Q 私たちが色覚についてよく知らないことが問題なのでしょうか。
A 「色覚についてもっと理解してくれ」と訴えているわけではありません。むしろ、「色覚そのもの」については、あまり触れていません。専門外だからです。
また、ここで「差別」というのは、「非当事者が当事者に対してしていること」ではありません。ですから、非当事者に向かって「こういう言葉づかいはやめてくれ」と訴えているようなわけでもないのです。
そうではなくて、人を部類分けする「社会」がそこにある、のです。
いわゆる非当事者も実はその社会によって部類分けされています。なのに、自分は当事者ではない、だから問題を感知することもそれについて考えることもできない、と感じるところに、当事者・非当事者双方における「語りづらさ」の大きな要因があるように思います。

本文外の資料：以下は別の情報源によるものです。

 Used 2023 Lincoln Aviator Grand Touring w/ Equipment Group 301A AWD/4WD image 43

私自身、当事者なのに、自分の色覚とかかわる社会問題について、かなり長い間、無頓着でいました。当事者も、何らかの特性を持つというだけで自動的に意見や態度を持つようになるわけではないのです。
私が拙著でめざしたことの一つは、その自分をよく見つめることです。あるいは、経験者が書いた手記やエッセイを深読みしてみることです。
読み手に求めるとしたら、その「読み書きのワーク」を刺激として、自分自身とのあいだに新たな対話を起こしてほしい、ということになるでしょうか。それが、他者の声に耳を傾けることにつながるのだと思うのです。

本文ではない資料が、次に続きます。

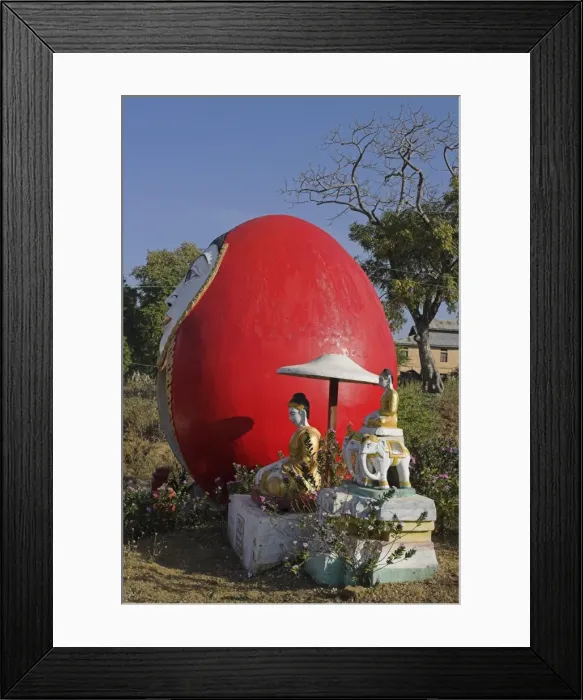 Framed Print : Tumbling Kelly and Buddha images, Salay, Myanmar (Burma), Asia Framed Print : Tumbling Kelly and Buddha images, Salay, Myanmar (Burma), Asia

つまり、自分は何の当事者なのか、ということですね。色覚の問題に限らなくてかまいません。誰も完璧ではありえないのが人間ですから、みなが何らかの当事者であるはず。その問いがない世の中にむけて「色覚についての正しい知識」を提供しても、大したちがいは生じないだろうと私は考えているのです。

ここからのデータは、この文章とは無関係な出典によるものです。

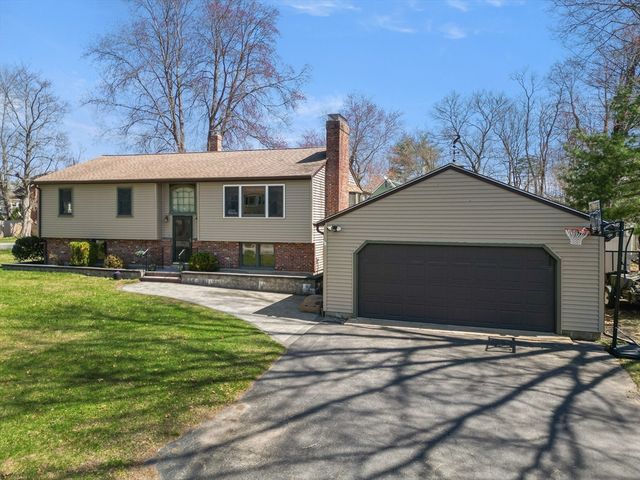 19 Elizabeth Lane, Newburyport, MA 01950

そのうえで言えば、「知らない」こと以上に「すでに知っている」ことのほうが問題だと、私は考えています。「色覚異常」という言葉が、日常の私たちの経験において、初めて聞く外国語のように意味不明なものではなく(「1型2色覚」と比較してみてください)、すでに特定の意味を持っていないでしょうか。特に「色盲」と言えば。その「通りの良さ」に誤解の落とし穴がひそんでいるのです。
この場合、「すでに知っていること」とは「正しい知識」のことではありません。むしろ誤った知識です。でも私たちはその知識に基づいて考え、行動します。たとえば、大正時代にはすでに「政治的色盲」という手作りの比喩があったのですが、もしかりにいま用いられたとして、なんらかの「理解」が瞬時に成り立ちはしないでしょうか。そこが重要だと思うのです。
言い換えると、こういうことになります。「知らない」ことが問題なのではありません。「何をいかにして知っているか」です(繰り返しますが、この場合の「知っている」は「科学的に見て正しい知識」という意味ではなく、「ともあれ実際の言動のために用いられている資源としての知識」という意味です)。
私たちが、「色弱」という明らかに学術に由来する言葉を日常的に「理解」することができれば「用いる」こともでき、検査が必要であるに違いないと「推論」することさえできてしまうのは、いったい「いかにしてか」と。